Segment Start: INPUT

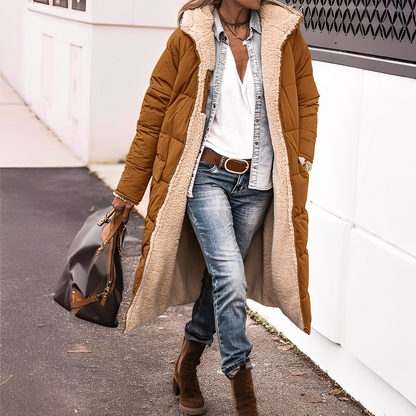 Nadège - Dlouhý zimní kabát s kapucí pro ženy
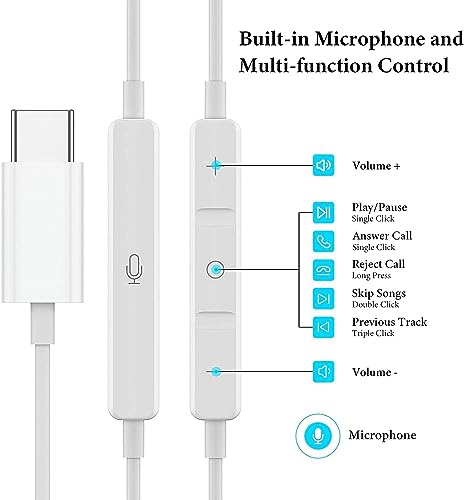 USB-C HiFi Stereo Earbuds with Microphone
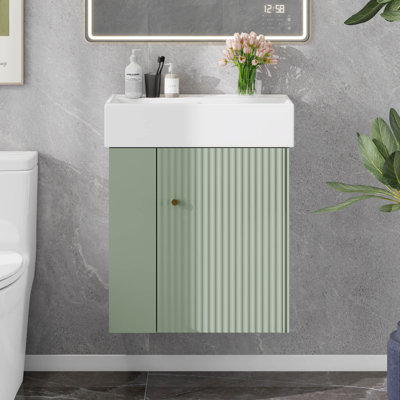 21.6 Inch Floating Bathroom Vanity With Soft-Close Door, Wall Mount Bathroom Vanity With Ceramic Basin, Left Side Storage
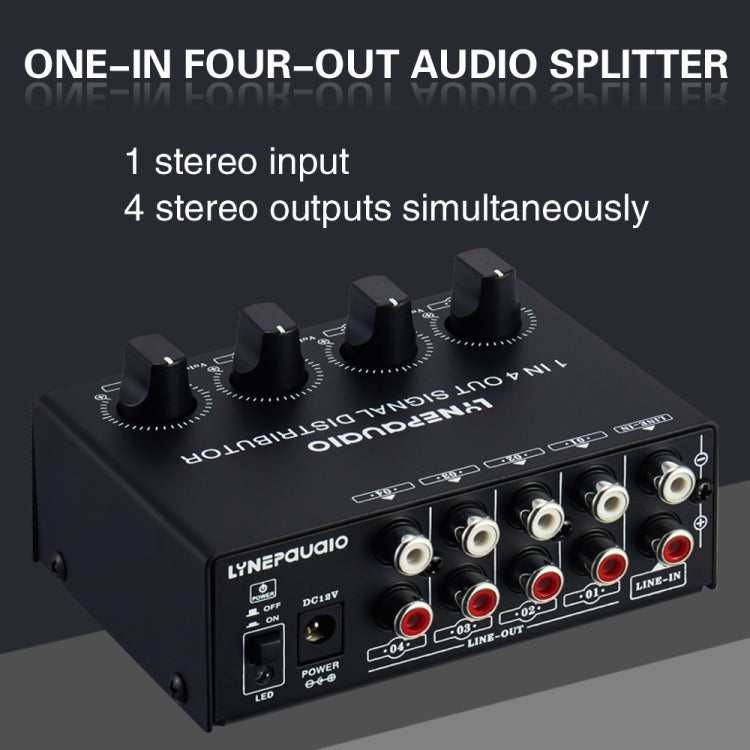 Bộ Khuếch Đại Tín Hiệu Stereo Trước 1 Vào 4 Ra, Điều Chỉnh Âm Lượng Đầu Ra Độc Lập Giao Diện RCA Không Mất Âm Thanh Bộ Phân Phối, Phích Cắm Mỹ, B029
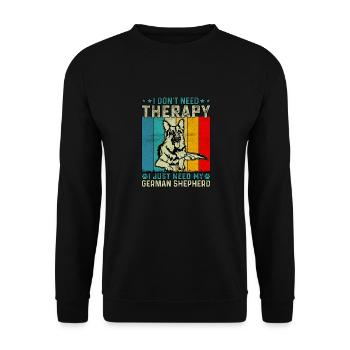 Ich brauche keine Therapie, ich brauche nur meinen Schäferhund - Unisex Pullover - Schwarz - Vorne - Alina (178cm) & Michal (187cm)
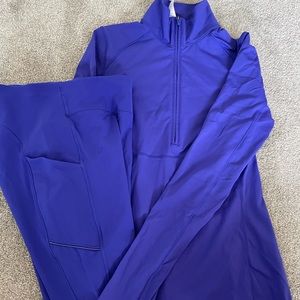 Purple pull over & leggings. Size 4 top/Size 6 bottoms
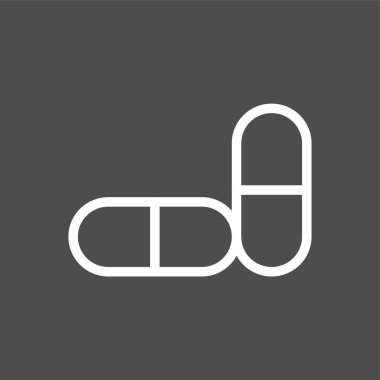 Kapsüller simgesi, vektör illüstrasyonu basit tasarım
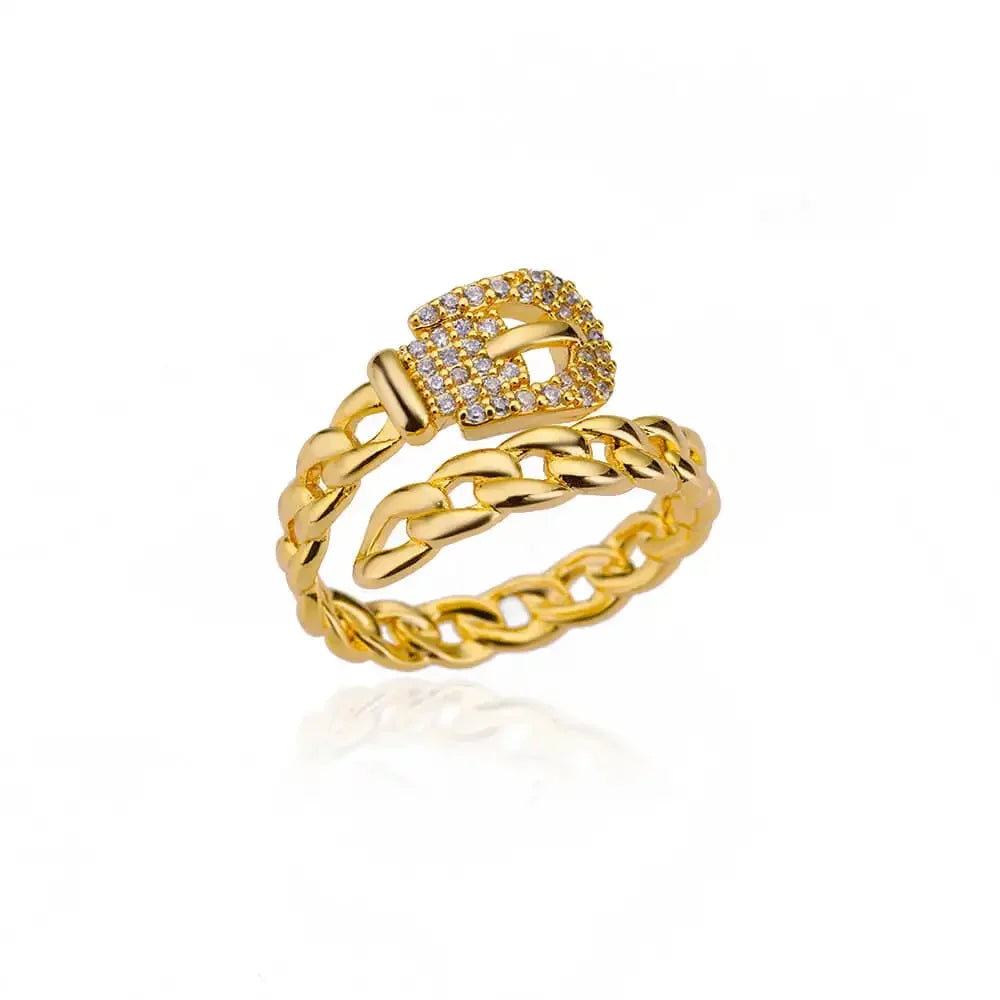 Stainless Steel Gold Heart Ring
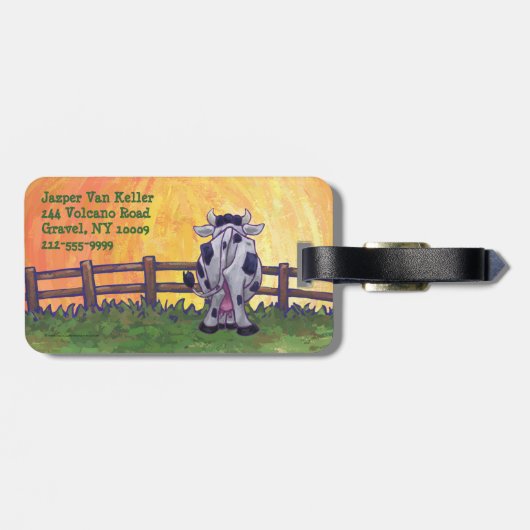 かわいい牛の頭と尾の荷物タグ ラゲッジタグ (裏面横)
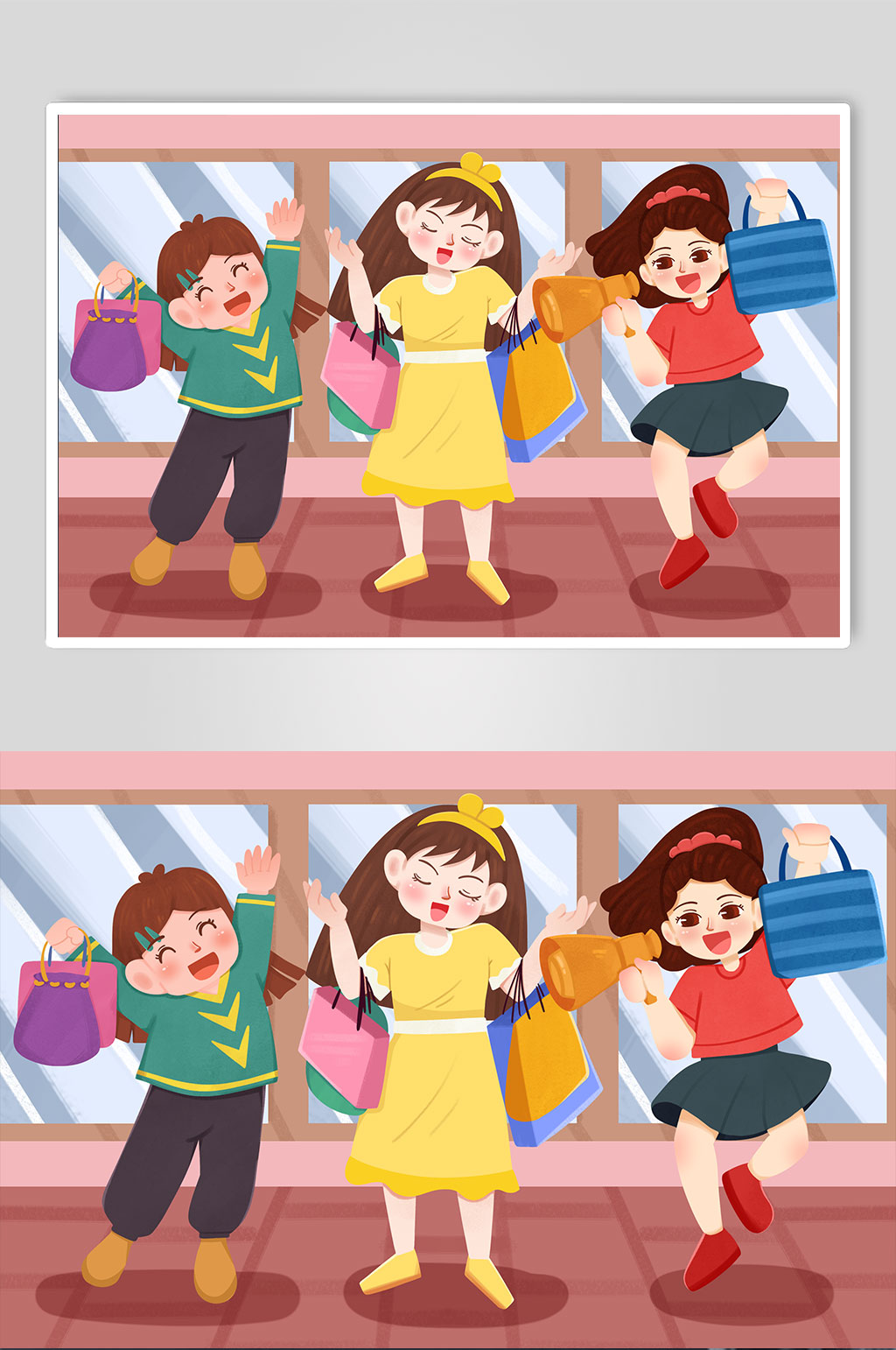 卡通手绘买买买女生双十一购物人物插画素材下载-众图网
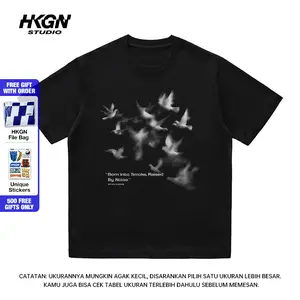 free gift HKGN Heavyweight Tshirt 230g16s Kaos Streetwear Kaos Nyaman Ketebalan Kaos Sehari - hari Tebal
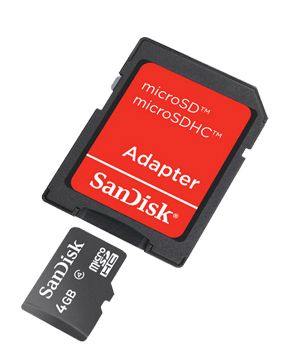 Cartao Micro Sd 4gb com Adaptador Sandisk
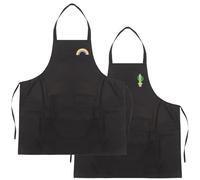 DEARMAMY 2 Pièces Tablier Cuisine Cartoon Noir en Pvc, Anti-huile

Segment End: INPUT

- [ABOUT THIS EXERCISE] Only the lines from the start of the records through the line containing "21.6 Inch Floating" should be repeated, word for word, with the pictures left out.

- [RESULT OF THIS EXERCISE]
 Nadège - Dlouhý zimní kabát s kapucí pro ženy
 USB-C HiFi Stereo Earbuds with Microphone
 21.6 Inch Floating Bathroom Vanity With Soft-Close Door, Wall Mount Bathroom Vanity With Ceramic Basin, Left Side Storage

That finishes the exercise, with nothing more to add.